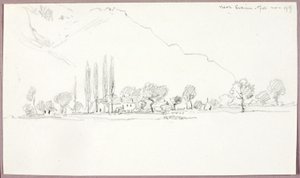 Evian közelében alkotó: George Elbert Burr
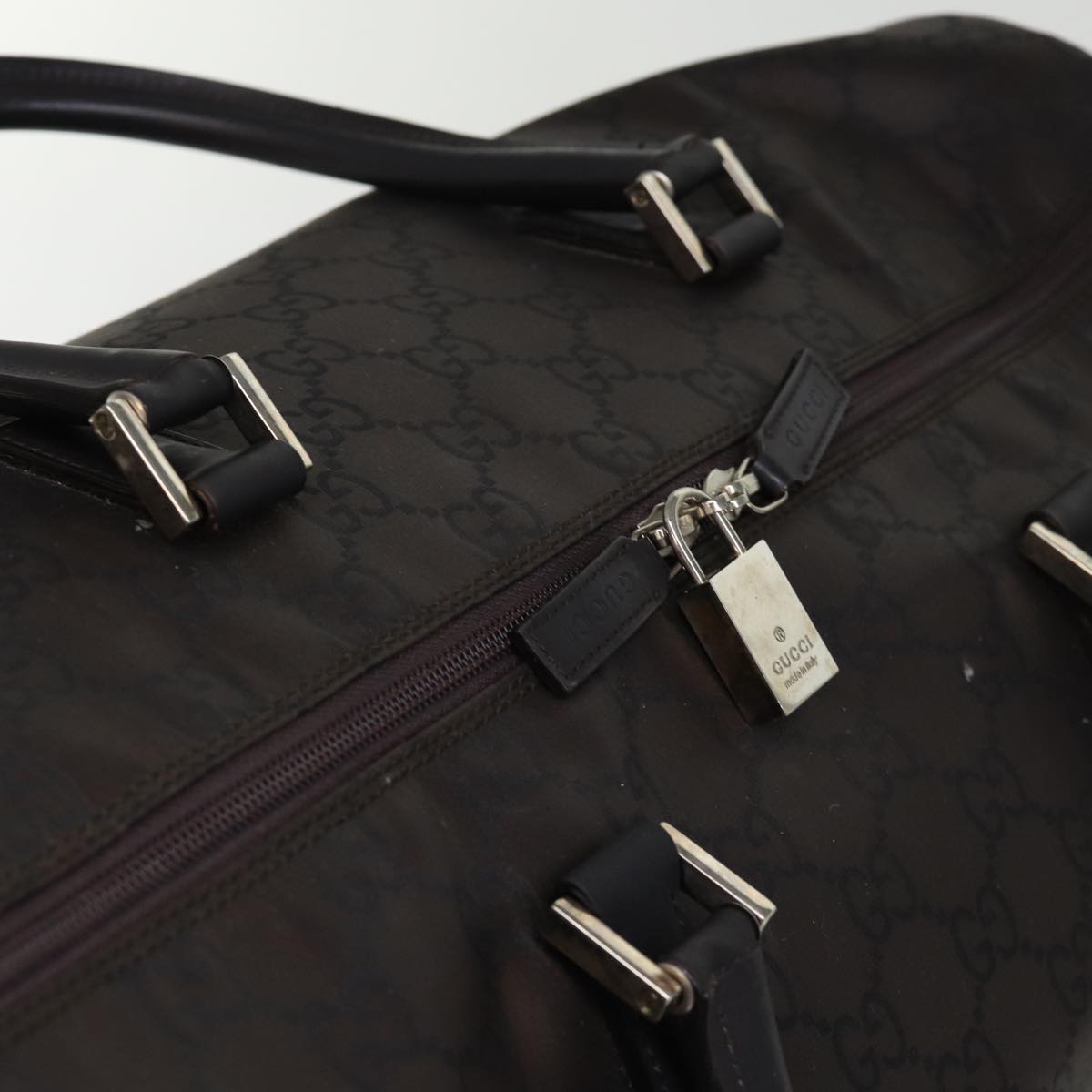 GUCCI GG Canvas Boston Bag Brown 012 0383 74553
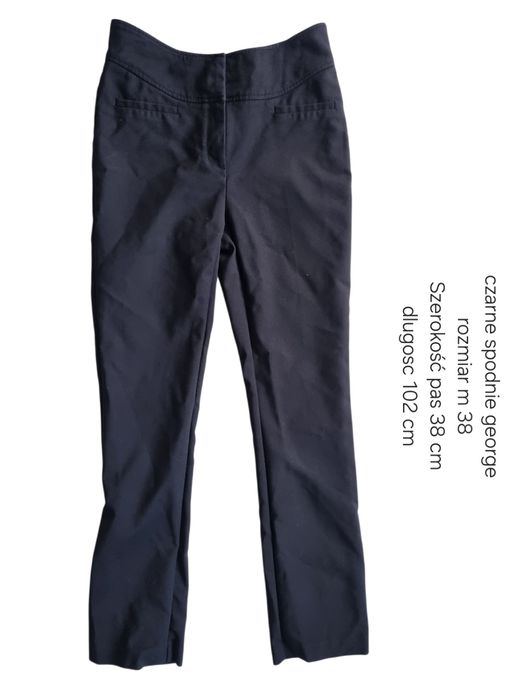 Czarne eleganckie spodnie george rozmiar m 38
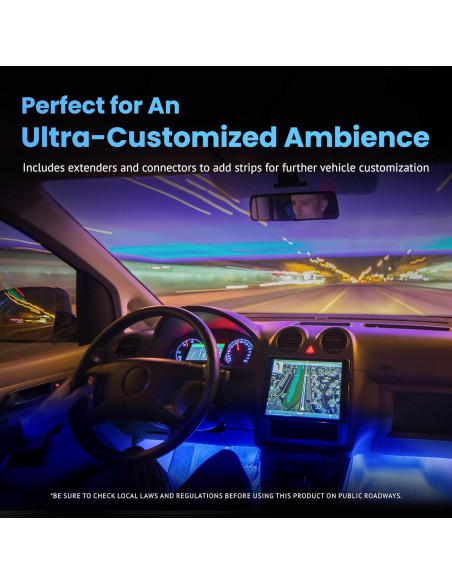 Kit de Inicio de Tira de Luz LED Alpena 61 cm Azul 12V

────────

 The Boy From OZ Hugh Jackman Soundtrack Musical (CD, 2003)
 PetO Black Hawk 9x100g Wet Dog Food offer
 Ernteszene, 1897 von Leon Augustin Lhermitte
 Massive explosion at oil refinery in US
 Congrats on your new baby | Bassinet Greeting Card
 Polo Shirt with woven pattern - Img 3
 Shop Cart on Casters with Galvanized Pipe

────────

▶ _WORK ITEM_
Return only the stretch of the material above from the line holding "PetO Black Hawk 9x100g Wet Dog Food offer" through the line holding "Shop Cart on Casters with Galvanized Pipe", copied exactly.

▶ _WRITTEN ANSWER_
 PetO Black Hawk 9x100g Wet Dog Food offer
 Ernteszene, 1897 von Leon Augustin Lhermitte
 Massive explosion at oil refinery in US
 Congrats on your new baby | Bassinet Greeting Card
 Polo Shirt with woven pattern - Img 3
 Shop Cart on Casters with Galvanized Pipe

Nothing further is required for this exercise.